*** Records to use Section Begins ***

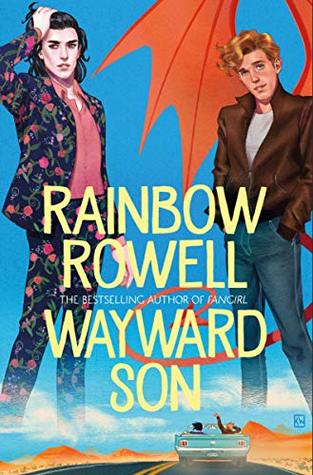 Wayward Son : Simon Snow #2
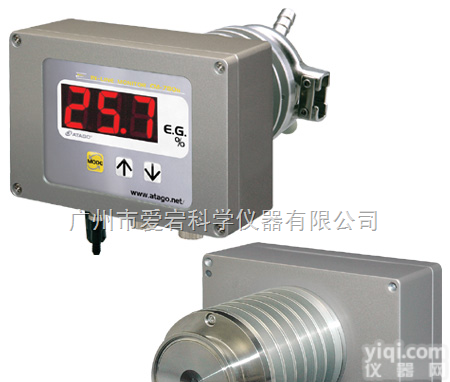 CM-780N-EG  <em>乙二醇</em>在线<em>浓度计</em>，在线<em>浓度计</em>，在线浓度监测仪
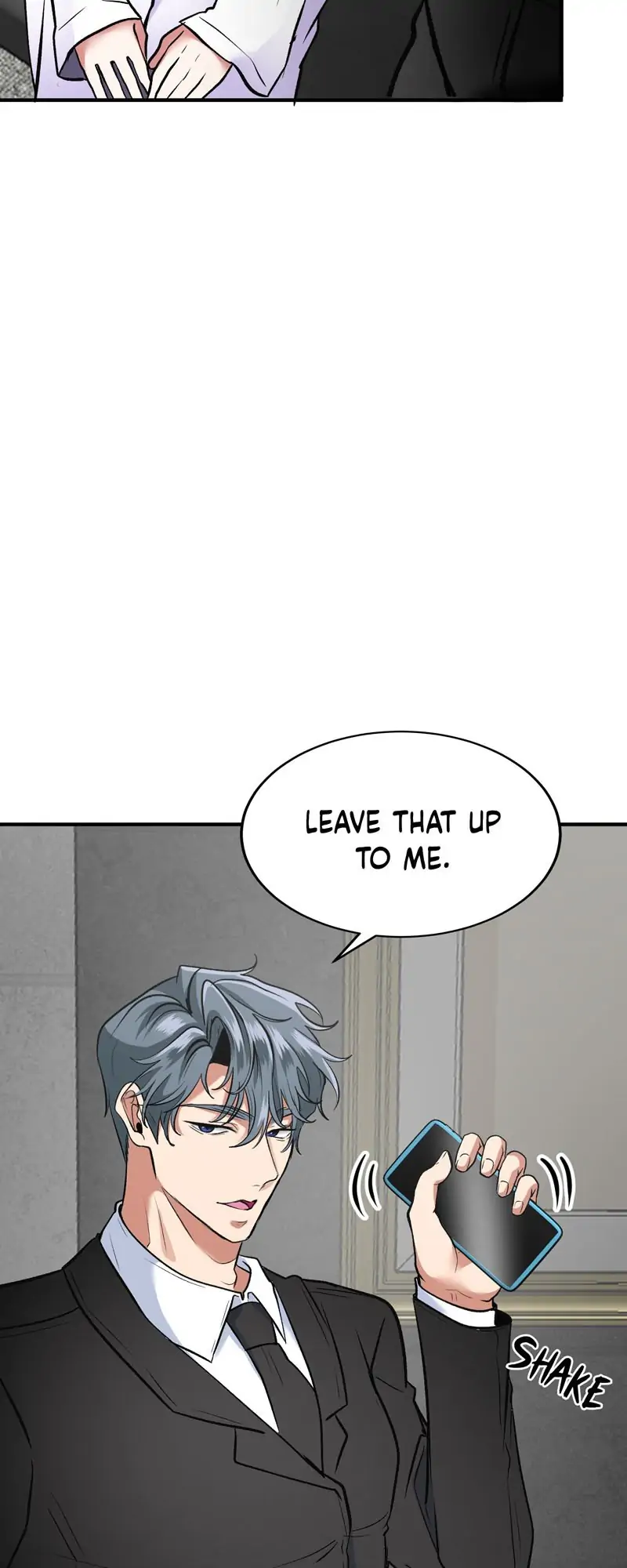 Our Masquerade of Love chapter 29 - page 27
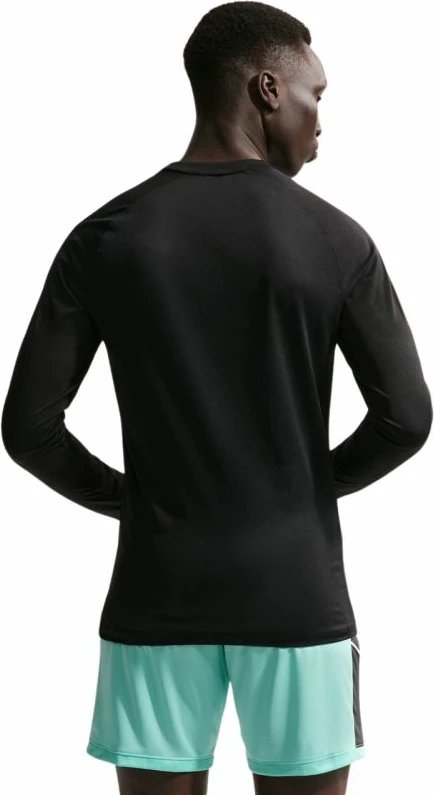 Maicë futbolli për meshkuj Nike Dri-FIT Park VIII, e zezë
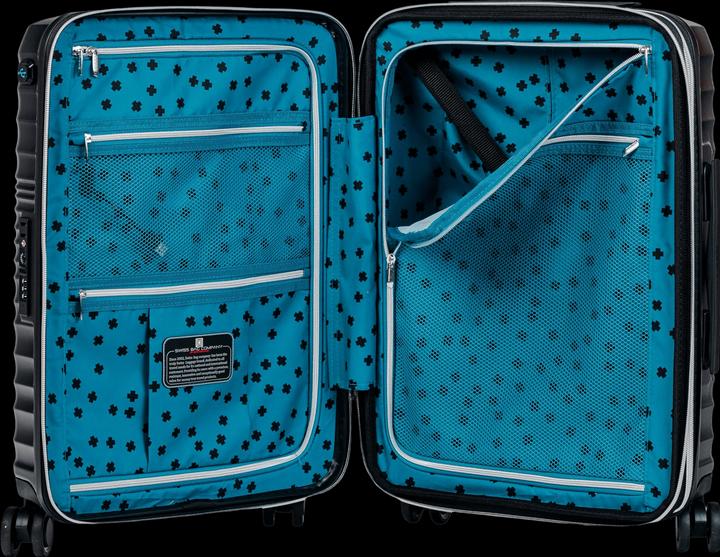 Image du produit Swissbags Cruise - Taille cabine extensible (49 l, Bagage à main (jusqu'à 50l))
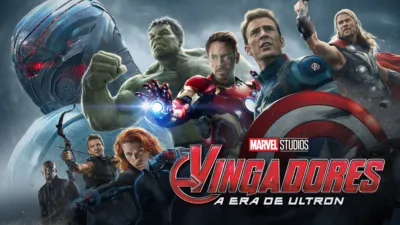 Vingadores: A Era de Ultron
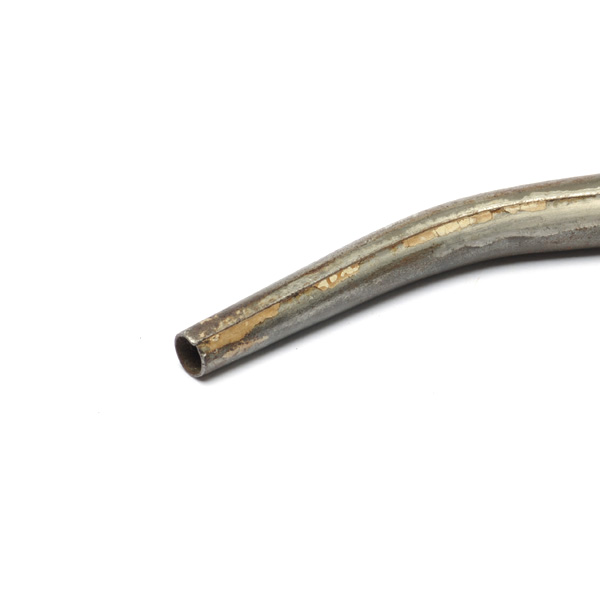 picture shows home-made ear trumpet @ EarTrumpets.com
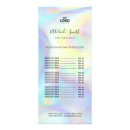 Search for nail salon price lists Aesthetician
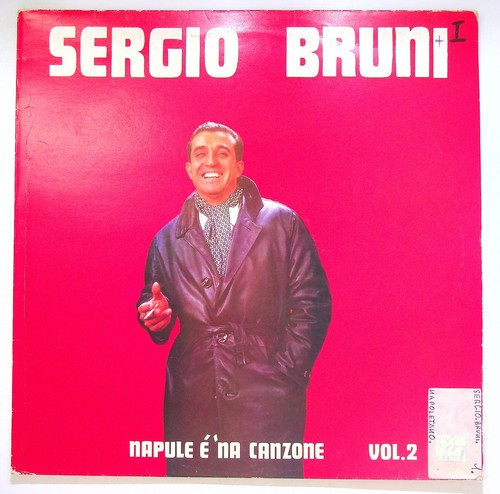 Ebond sergio bruni - bruni,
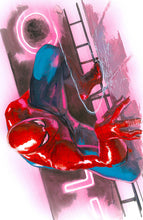 Load image into Gallery viewer, Amazing Spider-Man #58 Unknown Comics Exclusive Gabriele Dell'Otto Virgin Var (09/25/2024)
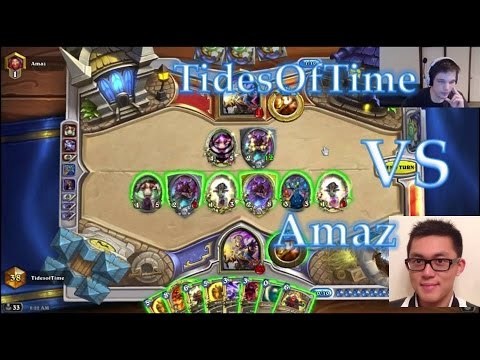 TidesOfTime VS Amaz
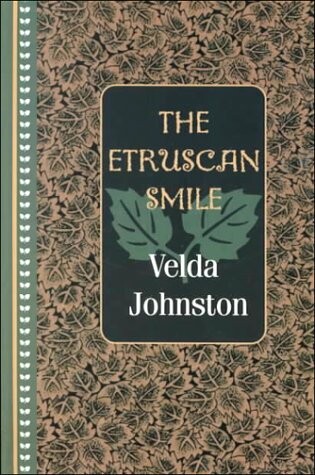 Cover of The Etruscan Smile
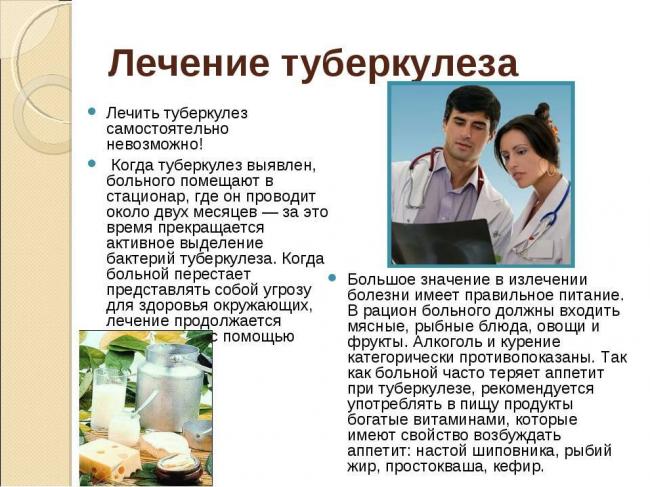 Таблетки от туберкулеза: как принимать, названия и какие пьют?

*** Records to use Section Ends ***

Required action
All lines above are to be restated word for word, with pictures excluded.

Output of the task
 Wayward Son : Simon Snow #2
 CM-780N-EG  <em>乙二醇</em>在线<em>浓度计</em>，在线<em>浓度计</em>，在线浓度监测仪
 Our Masquerade of Love chapter 29 - page 27
 Maicë futbolli për meshkuj Nike Dri-FIT Park VIII, e zezë
 Image du produit Swissbags Cruise - Taille cabine extensible (49 l, Bagage à main (jusqu'à 50l))
 Vingadores: A Era de Ultron
 picture shows home-made ear trumpet @ EarTrumpets.com
 Search for nail salon price lists Aesthetician
 Ebond sergio bruni - bruni,
 Load image into Gallery viewer, Amazing Spider-Man #58 Unknown Comics Exclusive Gabriele Dell'Otto Virgin Var (09/25/2024)
 TidesOfTime VS Amaz
 Cover of The Etruscan Smile
 Таблетки от туберкулеза: как принимать, названия и какие пьют?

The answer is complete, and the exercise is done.